O bullying, diferentemente do que creem muito, é fenômeno social que acompanha a humanidade desde os primórdios da civilização. Apenas o seu reconhecimento como prática danosa, nociva ao indivíduo, e por consequência à sociedade humana, se deu recentemente, como reflexo do reconhecimento social e jurídico de que é inerente ao Homem e fundamental para sobrevivência da sociedade o respeito à dignidade e o reconhecimento do valor da pessoa humana individualmente considerada (Declaração Universal dos Direitos Humanos – 1948).
O engenho humano continuamente produz tecnologias que diminuem as distâncias e globalizam o conhecimento. Mas estas mesmas tecnologias que democratizam o que de melhor existe no espírito humano, como por exemplo dar visibilidade às diferenças e misérias humanas e permitir concomitantemente a globalização das ações de combate a elas, também ampliam as possibilidades de expressão do que há de pior na natureza humana.
Para Bill Belsey, um dos pioneiros no estudo do bullying mediado pelas tecnologias de comunicação, o cyberbullying pode ser definido como aquele que: “envolve o uso de tecnologias da informação e da comunicação como e-mails, celulares, pagers, mensagens instantâneas, salas de bate-papo, sites difamatórios, enquetes pessoais com fins pejorativos colocados on-line, etc., com a finalidade de legitimar comportamentos hostis, deliberados e repetitivos, produzidos individualmente ou em grupos, para causar danos a outros” (http://www.cyberbullying.org/).
Práticas comissivas, ou seja, consistentes num fazer por parte do agressor, são de regra facilmente identificáveis pela vítima e quem tenha virtualmente estado presente à sua prática ou continuidade da produção de seus efeitos. As práticas consistentes em fazer algo ocorrem de regra de forma declarada, aberta senão para todos, ao menos para um grupo composto por aqueles com quem a vítima tem ou deseja conviver virtualmente.
As práticas omissivas, todavia, são muito mais insidiosas, podendo se caracterizar por um deixar de fazer algo que possa ou deva fazer o agressor em relação à vítima com o intuito de, velada, privada e dissimuladamente, causar-lhe contínuo mal estar, desconforto e/ou humilhação.

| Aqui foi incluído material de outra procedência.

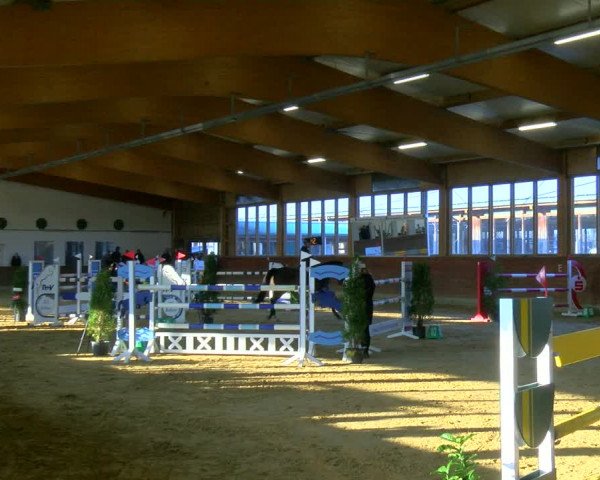 Reitturnier Coesfeld-Lette 2024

Se nas agressões por comissão a vítima e circundantes podem “ver” o que está ocorrendo, permitindo que adirem, se omitam, ou reajam às suas ocorrências, as agressões por comissão expressam por parte do agressor um quê de crueldade a mais, já que de regra apenas a vítima direta da sua prática sabem o que ocorre.
Se o cyberbullying se aproveita da vulnerabilidade (visibilidade e dispersão dos atos de agressão e seus reflexos) a que a vivência virtual expõe a vítima, a sua prática através de atos omissivos são mais perniciosos os comissivos, pois reduzem as chances de reação por parte dela a praticamente zero.
Um exemplo facilitará a compreensão do que se expôs acima:
As redes sociais são um ambiente propício à prática nefasta do bullying digital pela democratização de seu acesso, amplitude da dispersão da sua prática e quase inexistência de meios de controle preventivos de suas ocorrências pelos administradores e virtual inviabilização de mecanismos de reação e/ou defesa por parte da(s) vítima(s).
Na rede social denominada Orkut (http://www.orkut.com/Main?tab=w0#Home) existem ambientes que agrupam perfis de pessoas por afinidade de interesses. São as “comunidades” do Orkut.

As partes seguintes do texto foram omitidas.